El reverendo me comentó que su preocupación no era por Dios Nuestro Señor, sino por las hermanas Delacroix, que con toda seguridad se pasarían varios meses reprochándole que pusiera una grabación en lugar del riguroso directo y en vivo de la señora Sincler, que toca como los ángeles, a pesar de la artrosis.
El reverendo Matías Sincler es, sin duda, un buen hombre de fe.
Cuando le expliqué que iba a traerme a Salma -o al menos intentarlo- y a su madre enferma de Alzheimer, al reverendo Sincler se le iluminó el rostro. ¿Vio en mí al hijo pródigo? ¿Creyó encontrar en el tenderito algo más que bondad pusilánime?
- Ve con Dios -me dijo.
Y yo le deposité las llaves del colmado sobre la palma de la mano que me acababa de bendecir.

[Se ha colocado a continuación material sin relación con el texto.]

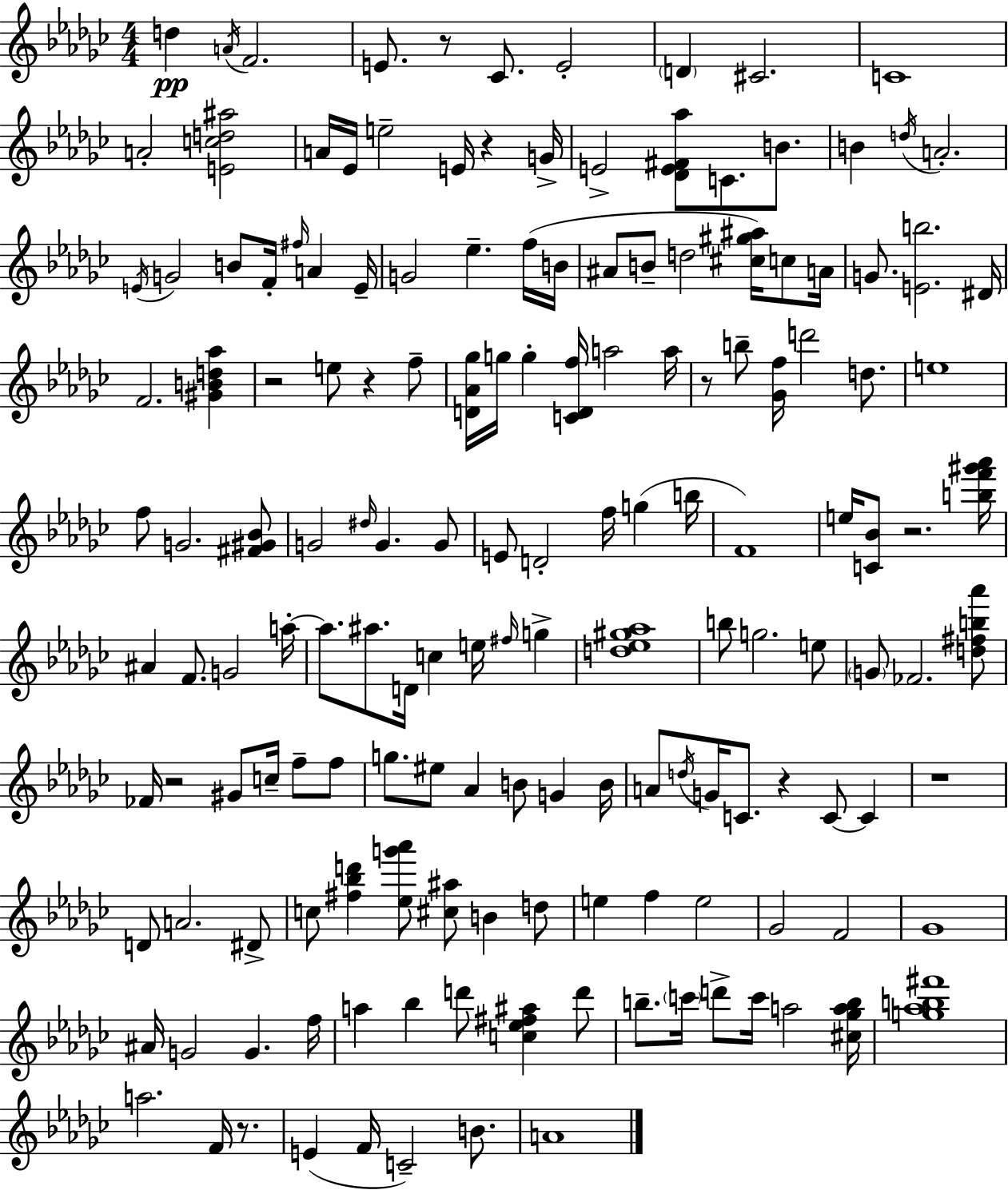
{
  \clef treble
  \numericTimeSignature
  \time 4/4
  \key ees \minor
  \repeat volta 2 { d''4\pp \acciaccatura { a'16 } f'2. | e'8. r8 ces'8. e'2-. | \parenthesize d'4 cis'2. | c'1 | \break a'2-. <e' c'' d'' ais''>2 | a'16 ees'16 e''2-- e'16 r4 | g'16-> e'2-> <des' e' fis' aes''>8 c'8. b'8. | b'4 \acciaccatura { d''16 } a'2.-. | \break \acciaccatura { e'16 } g'2 b'8 f'16-. \grace { fis''16 } a'4 | e'16-- g'2 ees''4.-- | f''16( b'16 ais'8 b'8-- d''2 | <cis'' gis'' ais''>16) c''8 a'16 g'8. <e' b''>2. | \break dis'16 f'2. | <gis' b' d'' aes''>4 r2 e''8 r4 | f''8-- <d' aes' ges''>16 g''16 g''4-. <c' d' f''>16 a''2 | a''16 r8 b''8-- <ges' f''>16 d'''2 | \break d''8. e''1 | f''8 g'2. | <fis' gis' bes'>8 g'2 \grace { dis''16 } g'4. | g'8 e'8 d'2-. f''16 | \break g''4( b''16 f'1) | e''16 <c' bes'>8 r2. | <b'' f''' gis''' aes'''>16 ais'4 f'8. g'2 | a''16-.~~ a''8. ais''8. d'16 c''4 | \break e''16 \grace { fis''16 } g''4-> <d'' ees'' gis'' aes''>1 | b''8 g''2. | e''8 \parenthesize g'8 fes'2. | <d'' fis'' b'' aes'''>8 fes'16 r2 gis'8 | \break c''16-- f''8-- f''8 g''8. eis''8 aes'4 b'8 | g'4 b'16 a'8 \acciaccatura { d''16 } g'16 c'8. r4 | c'8~~ c'4 r1 | d'8 a'2. | \break dis'8-> c''8 <fis'' bes'' d'''>4 <ees'' g''' aes'''>8 <cis'' ais''>8 | b'4 d''8 e''4 f''4 e''2 | ges'2 f'2 | ges'1 | \break ais'16 g'2 | g'4. f''16 a''4 bes''4 d'''8 | <c'' ees'' fis'' ais''>4 d'''8 b''8.-- \parenthesize c'''16 d'''8-> c'''16 a''2 | <cis'' ges'' a'' b''>16 <g'' aes'' b'' fis'''>1 | \break a''2. | f'16 r8. e'4( f'16 c'2--) | b'8. a'1 | } \bar "|."
}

La señorita Salomon, que anda algo decaída por la astenia primaveral, me ha dicho que no piense en lo que vendrá, sino en lo que hay. La primavera no le sienta muy bien a la señorita Salomon, y se pone espesa en sus pensamientos. Me ha reprochado que tengan que espabilarme los comentarios de mis amigos del blog, Lucas y Mariana, que me estaban abriendo estos ojos y este cerebro tan débil.
Gertru sueña con revivir las tertulias en su cocina, con la cafetería de Salma, con las pinturas de Opalinski... Sueña cada día más con Claudina Górtimer. Pero nada de lo que fue podrá ya volver a ser.
- Déjame en paz con mis sueños, tenderito -me espeta- y lárgate de una vez a por Salma antes de que sea definitivamente tarde. Escucha por una vez a tus amigos y a tu corazón. Estáis en el mismo lado.
El viernes por la noche, cerré la tienda y tomé el último tren a la costa este, y me fui a por ella. Y esta tarde regresé.

servido por El tendero de Lamira
2 comentarios
compártelo
27 Marzo 2009
No he podido ir al entierro del padre de Salma. No sé si ella lo ha comprendido o, simplemente, estaba muy agotada para reprochármelo.
No es que me considere imprescindible, nadie en el mundo lo es. Mis convecinos de Lamira han sobrevivido perfectamente durante mis meses de ausencia.
Ni Lamira ni el colmado son ya lo que fueron. Por entonces, yo podía contar con Samuel Sincler para hacerse cargo de la tienda durante una temporada. De hecho, el joven hijo del reverendo supo mantener a flote el negocio -e incluso hacerlo crecer- durante aquellas semanas que, lleno de agobio, huí hacia el oeste buscando el mar. El colmado tenía varios empleados que se consideraban parte de él. Yo sabía que a mi vuelta todo estaría en perfecto estado y que incluso mis clientes no habrían llegado a notar mi ausencia.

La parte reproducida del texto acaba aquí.